The Major Components of the Curriculum Are:
- General Education
- Mathematics & Basic Sciences
- Engineering Topics (including laboratories)
- Design & Professional Practice
The general education requirements cover writing, history, political science, humanities, visual and performing arts, and multi-culturalism. These core requirements are sufficient to provide the breadth needed to appreciate the arts and humanities, to appreciate other cultures and societies, and to place engineering in the broader context of life in the modern world.
The required curriculum contains twelve credits of science (including three credits of laboratory) and fifteen credits of mathematics, including differential equations and statistics. The student elects one additional course in math or science. In addition, linear algebra is covered in the junior engineering classes ME 2315 and ME 3333, and the senior engineering class ME 4334. This sequence provides a solid grounding in the math and science fundamentals that underpin the engineering science component of the curriculum. The breadth of the mathematics instruction (calculus, differential equations, statistics, and linear algebra) is especially strong.

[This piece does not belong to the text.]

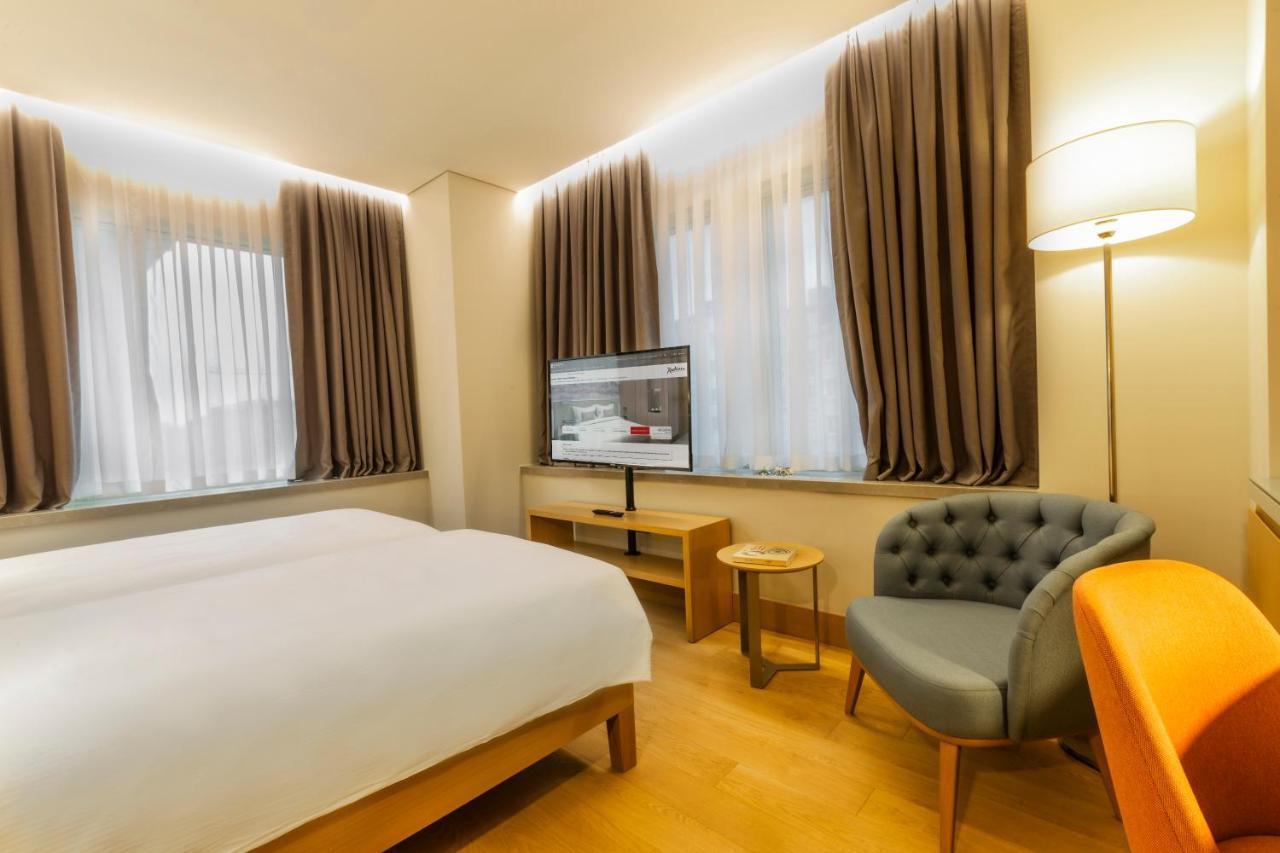 Radisson Hotel Istanbul Harbiye Zewnętrze zdjęcie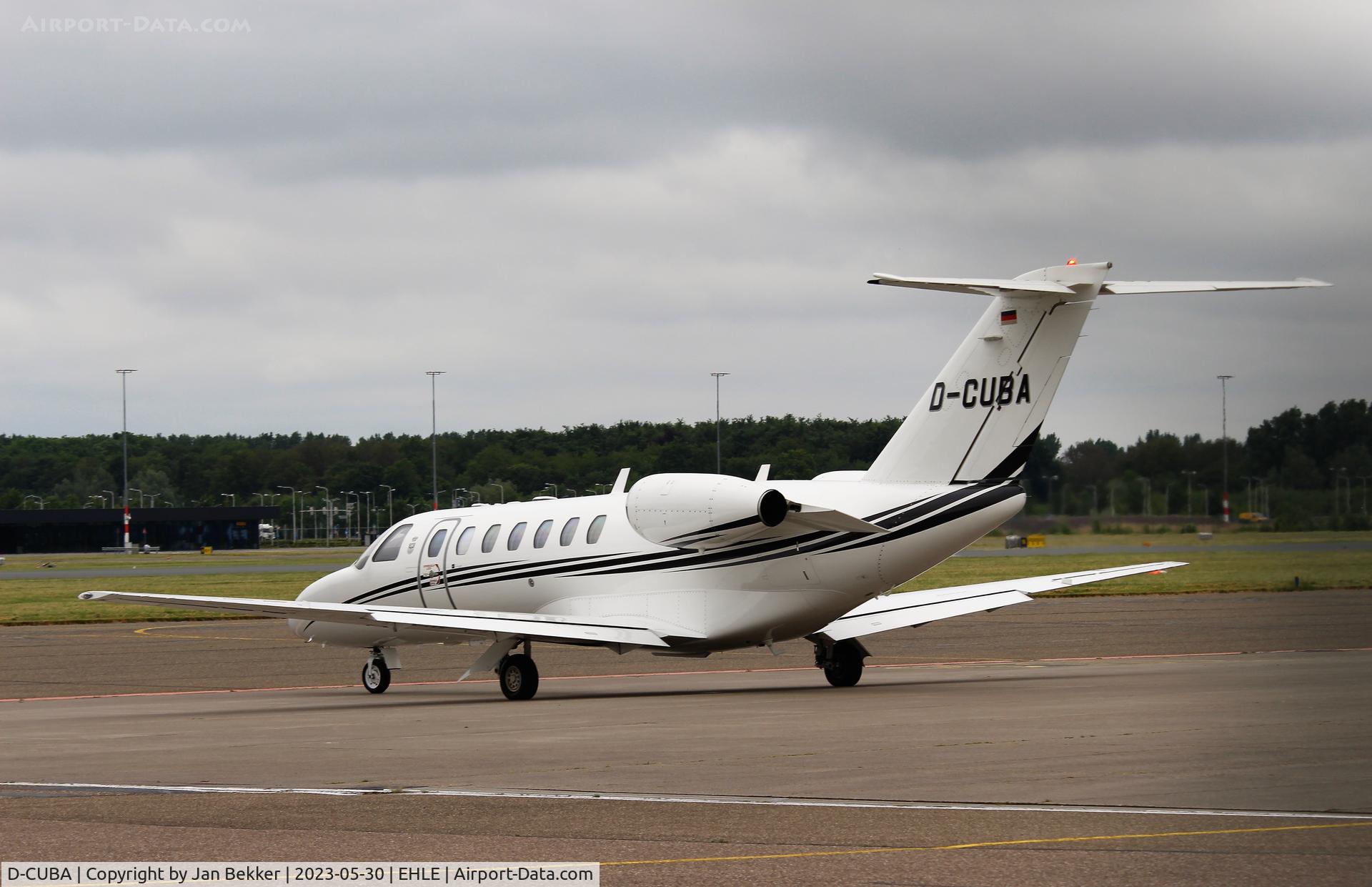 D-CUBA, 2007 Cessna 525B CitationJet CJ3 C/N 525B-0169, Lelystad Airport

The engineering topics curriculum provides a solid foundation intended to prepare the student for analysis, design work, graduate study, and lifelong learning. There are three main integrated stems in engineering topics: mechanics and materials, thermal and fluid systems, and dynamics and controls. These stems provide the technical basis on which our engineering students build and provide an appreciation for the importance of mathematics, science, and analysis in the description of engineering phenomena.
- Mechanics & Materials
This component is a sequence of five courses (fourteen credits) in solid mechanics and material behavior: ME 2311 (three credits), ME 2301 (three credits), ME 3403 (three credits), ME 3228 (two credits), a laboratory in mechanics and materials, and ME 3164 (one credit), a credit companion FEA laboratory that utilizes 3D solid modeling and FEA software to complement the second solid mechanics course. The Mechanics and Materials sequence contains very strong coverage of basic solid mechanics and materials science, including significant laboratory and computational components.
- Thermal & Fluid Science
This component is a sequence of five courses (fifteen credits) covering thermodynamics, fluid mechanics, and heat transfer, and includes a three-credit laboratory that integrates these areas of study. The courses in this sequence are: Engineering Thermodynamics I − ME 2322 (three credits), Engineering Thermodynamics II − ME 3322 (three credits), Fluid Mechanics − ME 3370 (three credits), Heat Transfer − ME 3371 (three credits), and Thermal-Fluid Systems Laboratory − ME 4251 (two-credit laboratory).
- Dynamics & Controls
The Dynamics and Controls sequence consists of four courses: Dynamics − ME 3302 (three credits), Systems and Vibrations − ME 3333 (3 credits), Control of Dynamic Systems − ME 4334 (three credits), and Systems & Controls Laboratory − ME 4234 (two-credit laboratory) in which students gain hands-on experience in the modeling and control of dynamic systems. This sequence provides strong coverage in dynamics, vibrations, systems, and controls. The course in controls has significant design content and also includes some laboratory work.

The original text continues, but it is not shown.